By William Brierley
BBC News website
Volunteers' Week was launched this week with the aim of increasing further the record levels of people participating in voluntary work in Britain.
Volunteering is worth £22.6 billion a year to the UK economy
With 26 million people engaged in voluntary work and a further 11 million describing themselves as waiting to be asked to volunteer, Britain's voluntary
sector is experiencing unprecedented demand.

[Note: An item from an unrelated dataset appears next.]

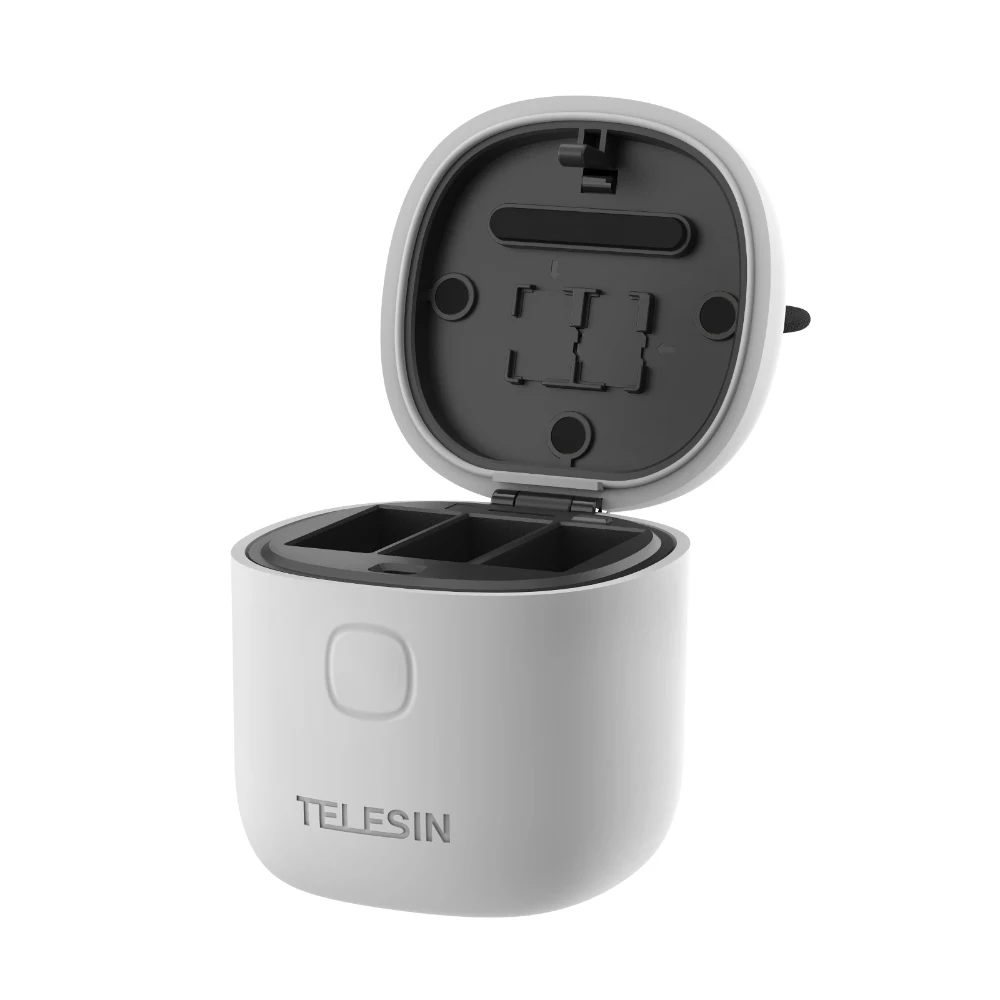 TELESIN Portable Battery Charger Fast Charging for Hero12 Battery Hero 12 11 1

"Since the new millennium we've seen a definite shift in people's attitudes from the 90s profit motive to motivations beyond just maximising economic gain" says Justin Davis Smith, the deputy chief executive of Volunteering England.
Between 2001 and 2003, the Home Office Citizenship survey recorded a rise of more than 1.5 million volunteers.
Mr Davis Smith says that volunteers have realised the benefits that volunteering can have on building career skills, while organisations have benefited from supplementing their paid staff.
Sherylin Thompson has volunteered as a phone counsellor for Childline since April.
Before she was accepted to volunteer she had to undergo a vetting scheme with the Criminal Records Bureau.
The CRB checks are standard procedure for anyone volunteering to work with children or vulnerable adults as they flag up any criminal records or information held by the police against an applicant.
After passing her CRB check and a further test from Childline to ascertain that she had the necessary skills and personality to work with children, Mrs Thompson underwent ten weeks training before answering her first call.
"The experience has been incredibly rewarding and the listening skills I have gained have helped with work and at home", she said.
She has decided to change careers from her role as a media relations officer to a psychologist as a result of her experiences as a volunteer.
Mrs Thompson believes "corporate social responsibility" departments drive businesses to encourage their staff to become volunteers.
"People have more of a social conscience and businesses are realising this", she says.
"Businesses have realised that in order to attract both customers and employees they need to appear ethically sound", she added.
Long term future
Martin Walford, spokesperson for 'Year of the Volunteer', says the challenge is now to organise new volunteers with key roles in less popular fields.
Volunteers contributed 1.9bn hours in 2003 (the equivalent of about a million full-time workers).
Volunteering is worth £22.6bn a year to the UK economy
72% of voluntary and community organisations employ no paid staff
Source: Home Office Citizenship Survey/VSNTO 2003
"While more popular voluntary schemes in the environment and children's education are oversubscribed, less in-demand areas like hospitals, prisons and GPs' surgeries could really benefit from volunteers to complement staff", he said.
Volunteer involvement at GP surgeries has been found to reduce patient prescriptions by 30% and hospital appointments by 35%.
And it is younger people aged 16-24 that are more likely to be involved in informal volunteering than any other age group.
The Russell Commission initiated by Chancellor Gordon Brown in May 2004 signalled the government's commitment to drawing young people into volunteering.
Alongside citizenship being taught on school syllabuses, schemes are being set up to get young and older people involved in mentoring.
Justin Davis Smith believes that this is key to ensuring the long term future of Britain's voluntary sector.
"Volunteering and community values need to be embedded in the new age of volunteers at school so that they will go on to use them throughout their lives."